Memory 530 configures the processor 520 to implement the methods, steps, and functions disclosed herein. The memory 530 could be distributed or local and the processor 520 could be distributed or singular. The memory 530 could be implemented as an electrical, magnetic or optical memory, or any combination of these or other types of storage devices. Moreover, the term “memory” should be construed broadly enough to encompass any information able to read from or written to an address in the addressable space accessed by processor 520. With this definition, information on a network, accessible through network interface 525, is still within memory 530 because the processor 520 can retrieve the information from the network. It should be noted that each distributed processor that makes up processor 520 generally contains its own addressable memory space.

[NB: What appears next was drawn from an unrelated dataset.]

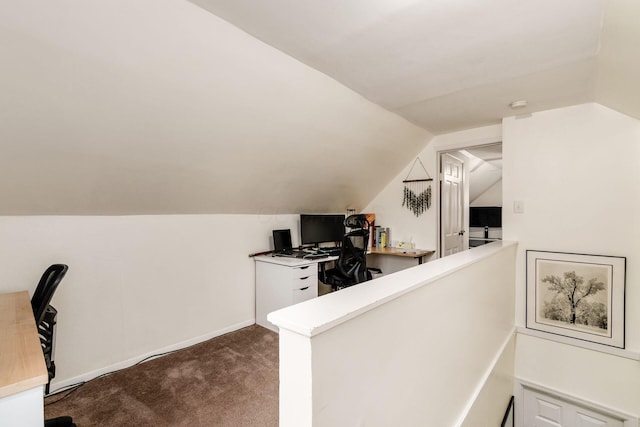 3064 Melva Ave, Columbus, OH 43224 - home office with vaulted ceiling and dark carpet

It should also be noted that some or all of computer system 510 can be incorporated into an application-specific or general-use integrated circuit.

Optional video display 540 is any type of video display suitable for interacting with a human user of system 500. Generally, video display 540 is a computer monitor or other similar video display.

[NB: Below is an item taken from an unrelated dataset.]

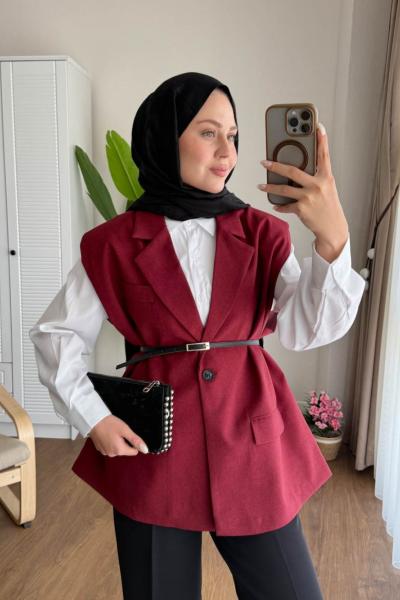 Vatkalı Oversize Yelek Bordo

It is to be appreciated that, in an alternative embodiment, the invention may be implemented in a network-based implementation, such as, for example, the Internet. The network could alternatively be a private network and/or local network. It is to be understood that the server may include more than one computer system. That is, one or more of the elements of FIG. 5 may reside on and be executed by their own computer system, e.g., with its own processor and memory. In an alternative configuration, the methodologies of the invention may be performed on a personal computer and output data transmitted directly to a receiving module, such as another personal computer, via a network without any server intervention. The output data can also be transferred without a network. For example, the output data can be transferred by simply downloading the data onto, e.g., a floppy disk, and uploading the data on a receiving module.

Presented herein is a novel and robust pattern-based methodology for the identification of microRNA precursors and their corresponding mature microRNAs directly from genomic sequence. With the help of patterns derived by processing the sequences of known microRNA precursors, our method identifies genomic regions where numerous instances of these patterns aggregate and subselects among them following energy based filtering.

The following are examples of advantages that characterize the inventive approach provided herein: a) the inventive approach obviates the need to enforce a cross-species conservation filtering before reporting results, thus allowing the discovery of microRNA precursors that may not be shared even by closely related species; b) the inventive approach can be applied to the analysis of any genome that potentially harbors endogenous microRNAs without the need to be retrained each time.

Although illustrative embodiments of the present invention have been described herein, it is to be understood that the invention is not limited to those precise embodiments, and that various other changes and modifications may be made by one skilled in the art without departing from the scope or spirit of the invention.